El debate sobre si es admisible prohibir los toros es el de entender la ley que los ampare o conculque, bien como acto de voluntad política o bien como consecuencia de la voluntad popular. Como buena parte de la población no sabría llenar dos folios razonando porqué deposita una papeleta y no otra en la urna cada cuatro años, y pues nadie ha leído jamás un programa político, se asume que el apoyo que reciben los elegidos para representar a su partido –raramente a sus ciudadanos- en el parlamento lo es para que, una vez electos, o bien inventen su andadura por la legislatura como dios les dé a entender, o bien lo hagan tratando de intuir qué pueda querer la ciudadanía al respecto de cada tema, en este caso, si desea o no ver prohibidos los toros.
Obvio que las prioridades de ambos son distintas, desde la propia política y desde los medios que juegan a vocearla se juzga lógicamente por igual los actos regidos por el principio primero –el partido al que se pertenece como prioridad- y los que realmente buscan dar solución a una inquietud social. Así, el estatuto catalán, con ser una propuesta apoyada por ese parlamento y por buena parte de sus ciudadanos es, juzgada desde madrid, como lo que es: una medida política tanto como ciudadana. Pero si ese mismo parlamento promulga una ley contra los toros, entonces la interpretación es que tal despropósito ha de ser estrictamente político, aunque la mayoría de sus ciudadanos apoyen la prohibición.

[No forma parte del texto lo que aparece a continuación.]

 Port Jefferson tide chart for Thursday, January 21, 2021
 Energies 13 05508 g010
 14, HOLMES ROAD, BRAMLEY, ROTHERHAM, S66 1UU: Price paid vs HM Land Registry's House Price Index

Obvio también que a políticos y medios-basura lo que la población quiera les importa en la medida en que coincida con lo que a su consejos de administración conviene, aflora el elemento clave en esto: irrelevante como sea lo que rajoy o cualquier otro opinen de política, lo que se esgrime es que las mayorías son interpretables. Que al igual que un político es elegido sin la más mínima instrucción popular sobre cómo comportarse y en nombre de que prioridades, sus actos pueden, dada la ocasión, no sólo improvisar su dictamen sobre un asunto, sino también imponerse sobre la voluntad popularmente expresada.
Las normas que rigen en el parlamento catalán son las mismas que en el resto de comunidades autónomas desde las que hoy se clama contra la vulneración de libertades elementales, y la población catalana mayoritariamente a favor de la prohibición de las corridas de toros no es distinta, en cuanto al valor de su voto, de las que forman el resto del país. Asi que lo que se denuncia, acaso por lo inusual de la propuesta, es el derecho a que la política de un lugar aplique lo que sus ciudadanos piden. Acaso para no sentar precedente.
Escribe tristemente savater hoy en El País que a qué escandalizarse si la moral trata de nosotros y no de nuestras relaciones con el resto de las cosas vivas –“naturaleza” es la barrera citada-, que no existen derechos animales, que considerarlos posibles no constituye ninguna obligación cívica. Es cultura –se lee desde todas partes. Pero eso no la redime, la cultura no es garantía contra la crueldad –responde Josep Ramoneda, en el mismo diario. Aceptado el derecho de los agraviados a no ver la sangre y la tortura derramada, que una ley lo prohíba les ha de parecer una golosina de la voluntad, sea política o popular. Acogotados, acorralados, viendo su final venir, les duele el día que, por primera vez, se sienten toros.